Ce perpétuel combat contre la perte de temps toucha tous les domaines de la vie quotidienne. Dans les affaires de bouche, la food n’était pas la seule à devenir fast. De fait, le bar est l’emblème de cette lutte sans merci : on l’a oublié, mais il s’agit d’une invention 100% américaine dont la seule finalité était de servir le client debout. Un client qui ne s’assied pas est un client qui boit rapidement. Et donc un client qui boit plus ou qui laisse la place à un autre. Ce n’était pas le bordel ambulant que chantait Jacques Brel et il n’y avait pas d’adjudant qui beuglait « au suivant » mais vous voyez l’idée…
Quand le cocktail est arrivé en Europe, nos ancêtres se laissèrent fasciner par la paille et les boissons glacées, nous l’avons déjà commenté. Le bar marquât aussi les esprits : du jamais vu dans des villes où le service à table était la constante des grands cafés. L’Europe d’alors aimait bien sûr déjà autant le fric que les Ricains. Elle allait cependant moins vite. Et même si les cinglés des années folles et les futuristes se convertirent en apôtres de l’accélération, rentrer dans un établissement, s’approcher de ce long comptoir, commander un cock-tail et l’avaler en deux traits était vraiment trop étrange pour un citoyen du vieux monde, à moins de se la jouer yankee et de lâcher du O.K. à tout va.

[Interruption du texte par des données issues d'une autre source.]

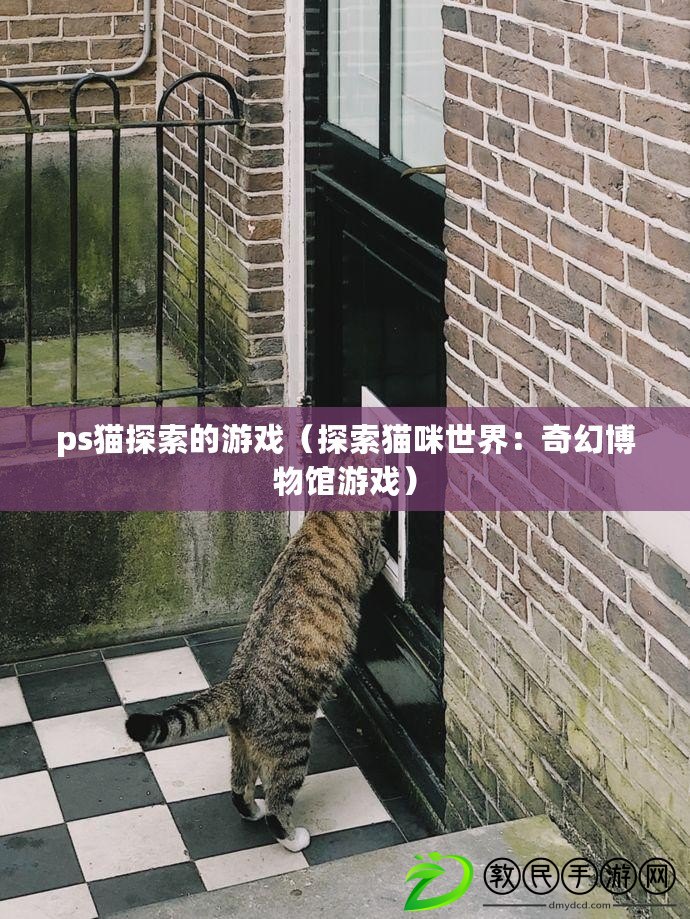 ps貓?zhí)剿鞯挠螒颍ㄌ剿髫堖涫澜纾浩婊貌┪镳^游戲）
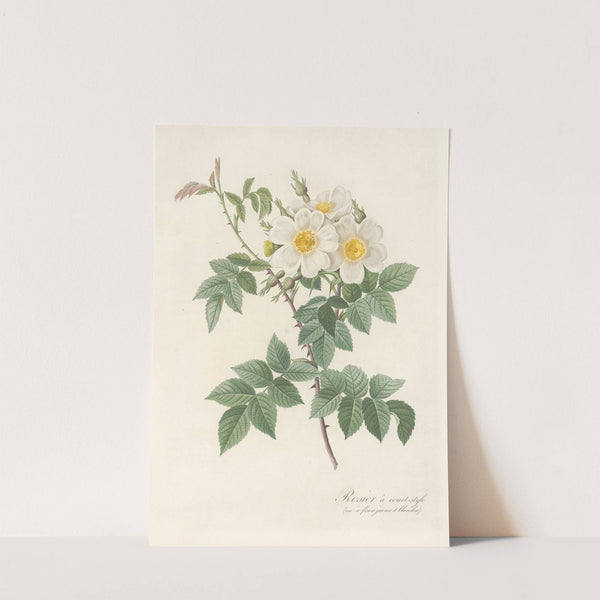 Rosa Brevistyla Leucochroa by Pierre Joseph Redouté
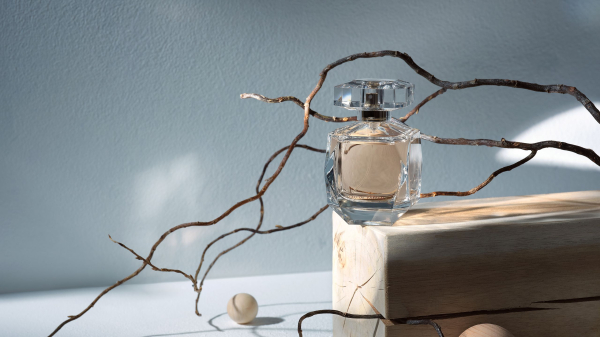 perfume bottle sitting on top of block with branches surrounding it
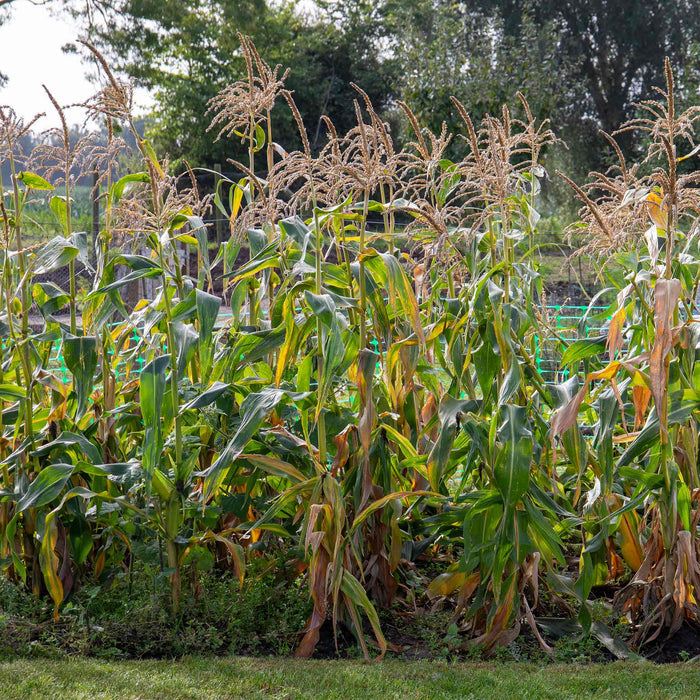 Sweetcorn 'Earlibird'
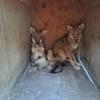 Licensed Breeder has Coyote Pups Born 5/5/24 Due to my health price is 200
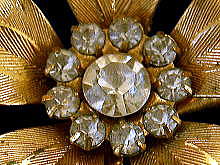 �A�N�Z�T���[,�u���[�`,�A�����J��,�R�X�`���[���W���G���[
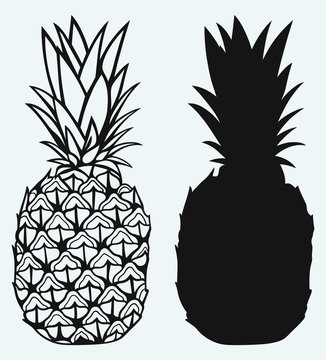 Ripe tasty pineapple isolated on blue background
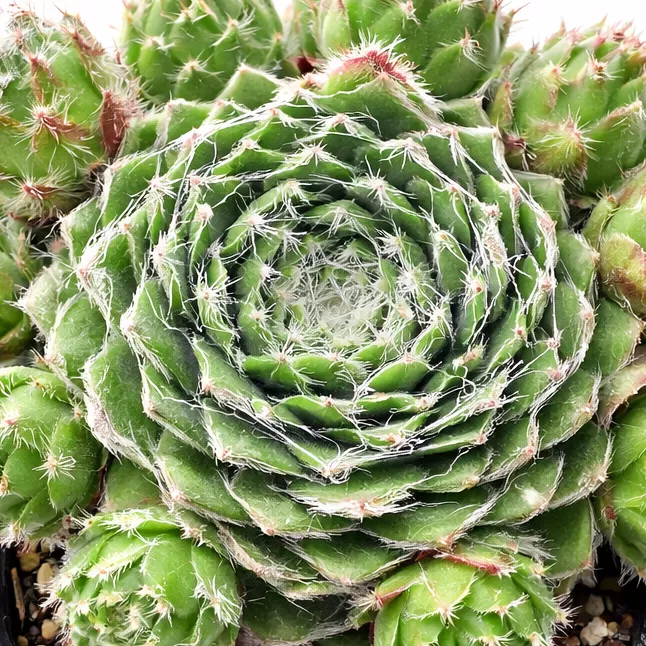 Sempervivum 'Webbi Flame'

Ce qui a permis au bar américain de s’enraciner dans nos contrées, c’est que le tabouret a pris de la hauteur. Ses pieds allongés, il permettait au buveur de s’asseoir et de prendre son temps — mais pas trop, car il était moins confortable qu’une chaise ou un fauteuil. On pourrait dire qu’arrivé en Europe, le moteur américain fut bridé, forcé de ralentir. Le bar perdait un peu de sa fonction première. Mais au moins il triomphait.
Cependant, le tabouret ne doit pas uniquement son succès à avoir su favoriser l’adaptation de la vitesse du bar à celle des vieilles routes de l’ancien monde; il le doit surtout à qui venait y poser son fessier. L’âge d’or du cocktail en Europe, c’est les années 20. Et le public numéro un des bars américains d’alors est la femme — nous y reviendrons. Alors que tant les coupes de cheveux que celles des jupes se font plus courtes, les femmes se perchent sur des tabourets dont les pieds longs font écho aux jambes interminables qu’elles révèlent. Au bar, on y va pour boire un cocktail, certes, mais on y reste pour admirer le paysage. C’est en tout cas ainsi que décrivent la faune du bar américain un certain nombre de commentateurs mateurs. Les Etats-Unis adoptèrent l’innovation européenne après la prohibition. Aujourd’hui, plus personne ne va dans un bar pour ce que le tabouret dévoile. A chaque époque son frisson.